Wuff

Monday, March 16, 2009

eco: charge big money for damn plastic bags

I walked the dogs around Candlestick Point. The little sandy beach on the bay was layered in plastic bags. There was literally one every square yard. Pulling it out often revealed another one underneath. Depressing and completely unnecessary.

OK, maybe you don't live by water. Someone comments:
I'm more concerned about the plastic bags that don't make it to the landfills. Take a road trip along I-5 in California or out along I-40 or I-10 to Arizona and you'll see downwind of every truck stop joshua trees and other awesome desert plants choked by these things, mostly cut off from the sun by thousands of Taco Bell bags that have blown away from the parking lots out into the desert. Depresses the hell out of me.
Meanwhile lawyer Stephen Joseph runs savetheplasticbag.com, with the usual confusion as to how plastic bags aren't so bad. Don't bother reading the site, there's no admission of how awful these things are, and it's full of the usual bait and switch crap, e.g. "If we really want to save [marine mammals and turtles], then we would need to ban fishing."

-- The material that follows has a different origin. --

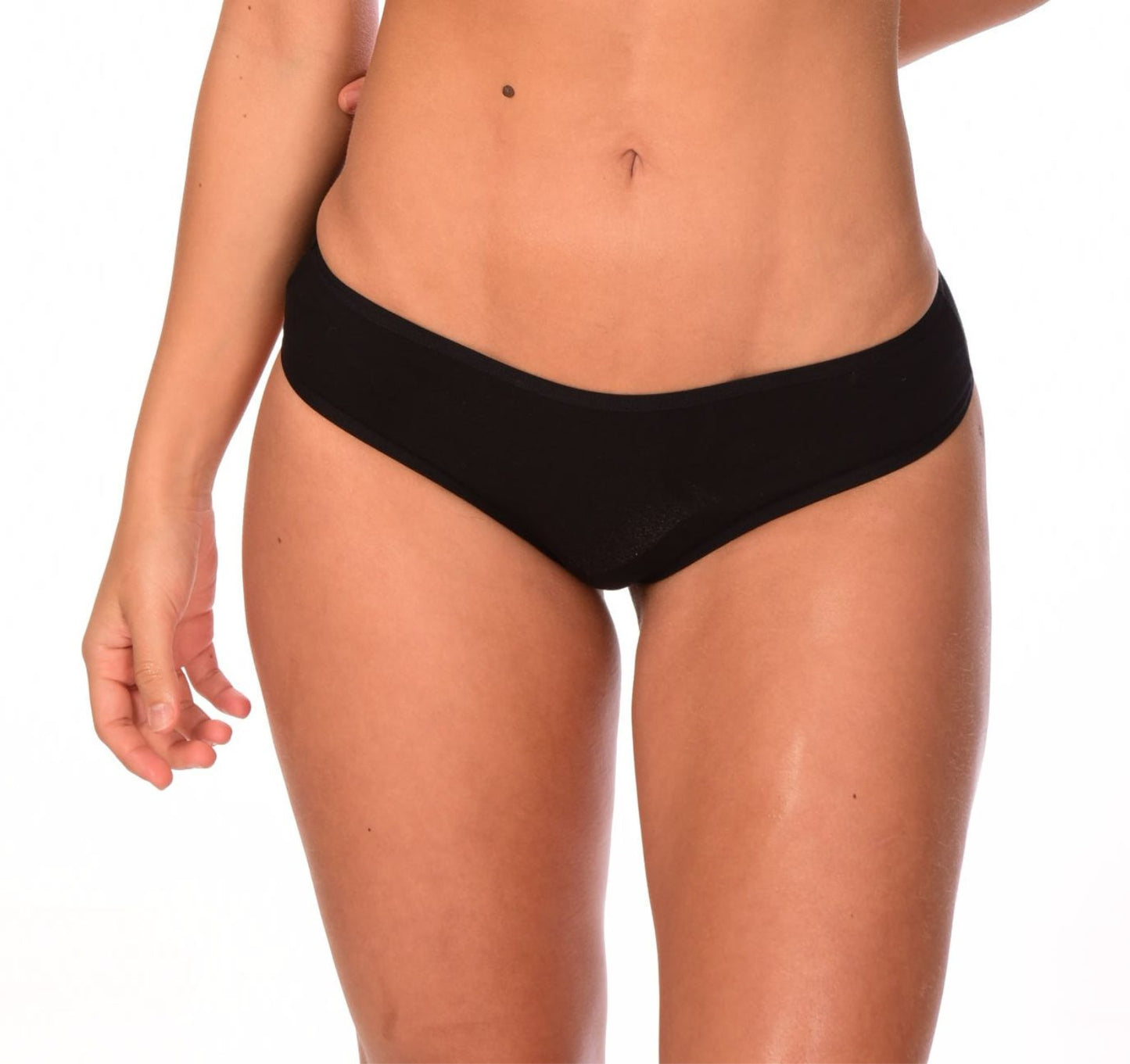 Panty en algodón spandex tipo tanga Ref. 1236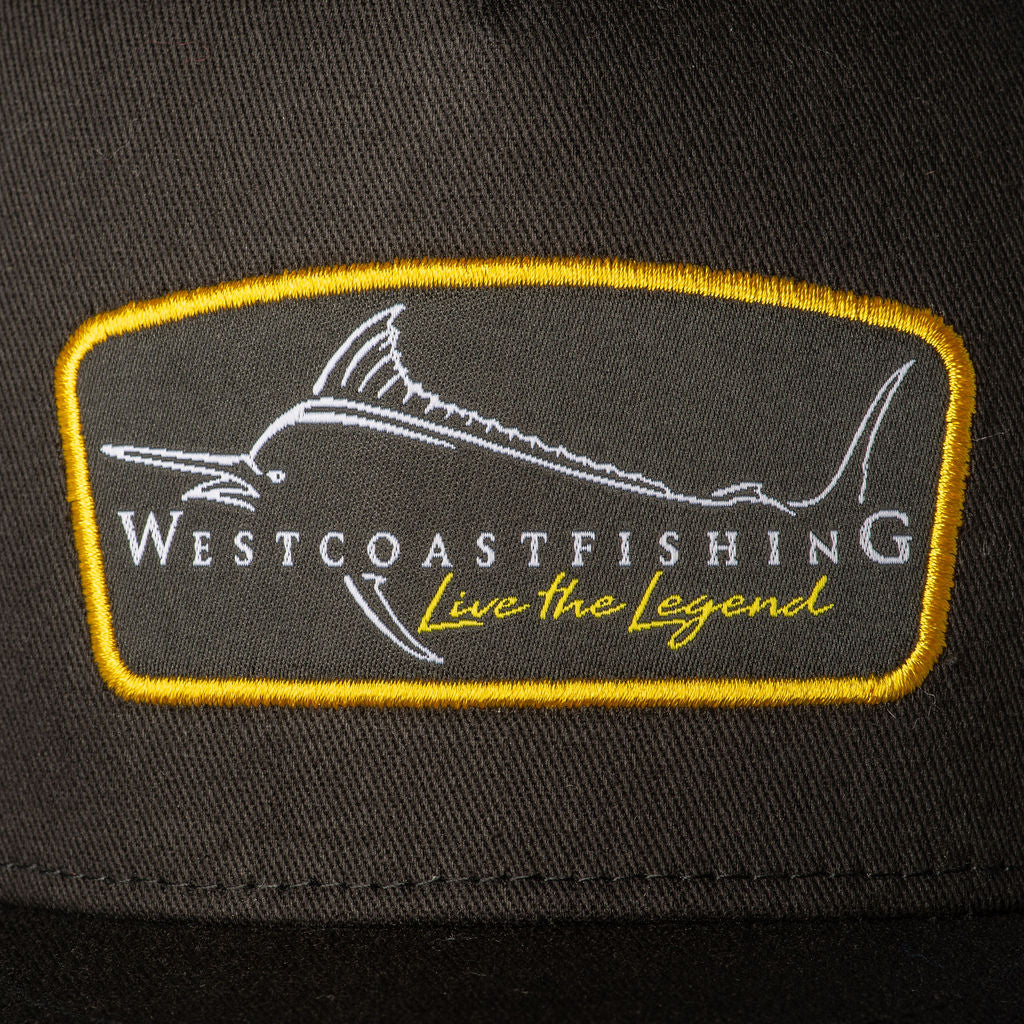 west coast fishing logo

On issues like this people create all kinds of false choices and dichotomies:
"If you ban plastic, how will people store trash/pick up dog poop?"
People can scrounge bags or buy them, no one is proposing a ban on selling bags. If you put something in a bag for good, it's not going to drift away.
"Plastic bags are no worse than paper bags"
Maybe (paper bags are easier to reuse and easier to recycle), but the point is reducing the waste stream
The choice at the supermarket is not "paper or plastic?". The choice should be "Do you want to buy a paper bag for 25 cents that includes a cleanup & recycling fee, buy a plastic bag for 20 cents that includes a cleanup fee, or get a clue and bring your own reusable bags?" People will wise up fast.